Data Properties Estimation As a Statistical Inverse Problem

Sc.D. Anatoli Michalski
Russia, V. A. Trapeznikov Institute of Control Sciences of Russian Academy of Sciences, Moscow
Many problems of data analysis are inverse by nature. In physics, astronomy and many other branches of science, one observes the resulting process and is interested in the process which is the cause of the observations. Demography and epidemiology provide examples of inverse problems when one estimates death rate by the longevity statistics or the infection rate by the number of sick people in the population. In big telecommunication systems such as the internet, the problem of estimation of structure and performance using probing methods is an inverse problem as well.
Mathematically, the relationship between the process, which generates observations, and observed process can be expressed in terms of an operator equation. It is known in mathematics that most operators, which arise in practical applications, have an unbounded inverse operator. The result is that even if the disturbance in the observations tends to be zero, the disturbance in the operator equation solution may not be small. This leads to a misunderstanding of the data generating process. The implementation of proper data analysis techniques helps to clarify intrinsic features of empirical data.
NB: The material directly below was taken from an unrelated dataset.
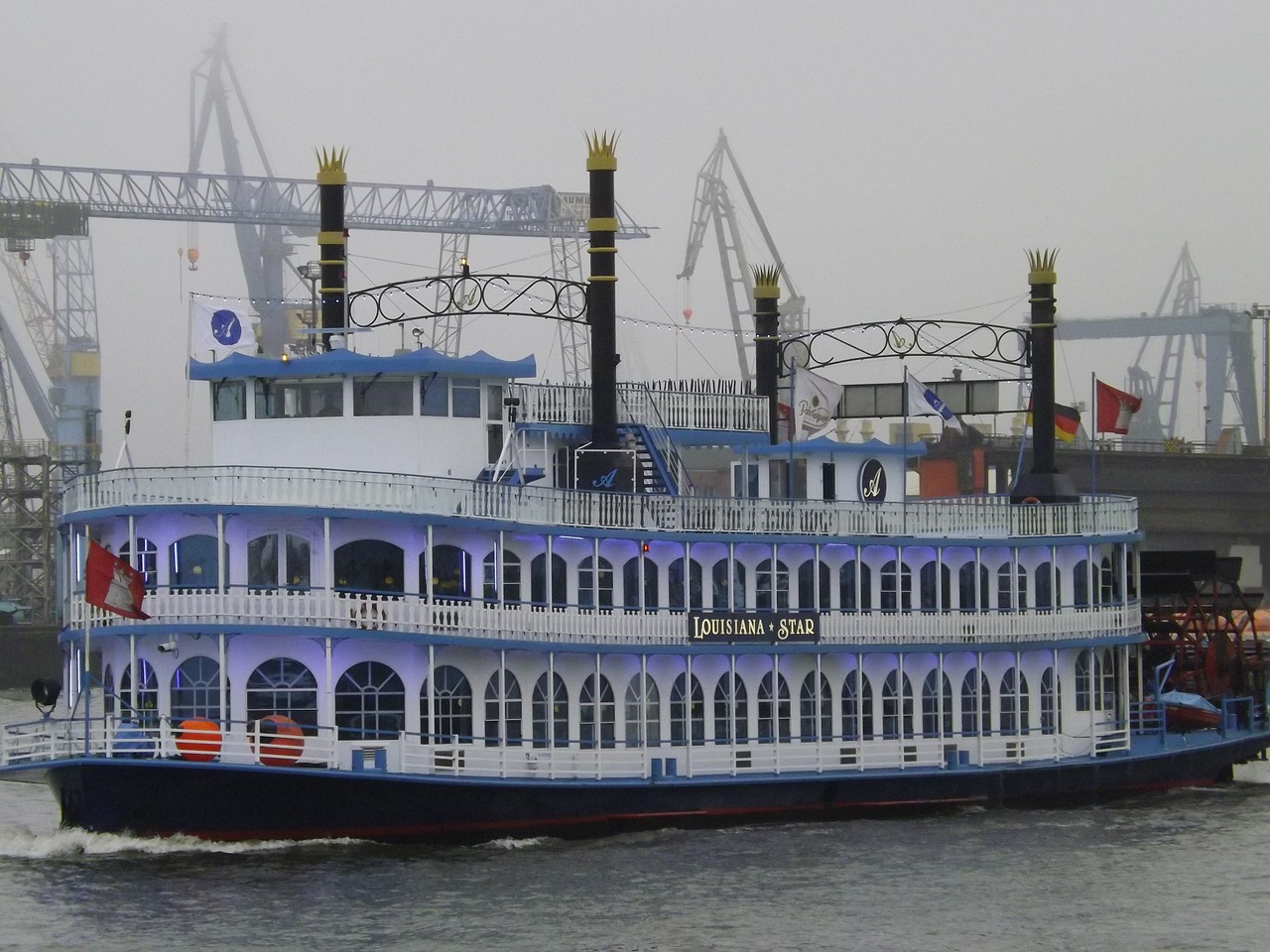 louisiana star passenger ship paddle steamer free photo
This report considers the problem of integral equation solution in a situation when observations and integral equation kernel are estimated on empirical data. An example of such a problem is failure rate estimation.
In this case, one observes an independent sample of times when failures occurred. The cumulative probability function for failure time forms the observed function and the kernel for an integral equation, the solution of which is the failure rate function. The solution of the approximate equation, obtained by substituting cumulative probability function by empirical cumulative probability function is discussed and the results are presented.